Available data:
%%

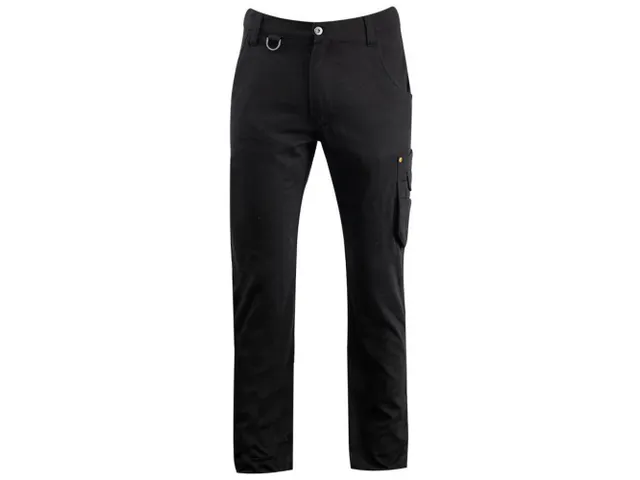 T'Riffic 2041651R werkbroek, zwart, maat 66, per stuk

%%
%%

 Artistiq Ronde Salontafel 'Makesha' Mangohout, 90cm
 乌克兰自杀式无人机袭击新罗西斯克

%%

In the listing above, transcribe exactly everything from the line containing "Artistiq Ronde Salontafel" down to the line containing "乌克兰自杀式无人机袭击新罗西斯克", including both and nothing more.

Task response:
 Artistiq Ronde Salontafel 'Makesha' Mangohout, 90cm
 乌克兰自杀式无人机袭击新罗西斯克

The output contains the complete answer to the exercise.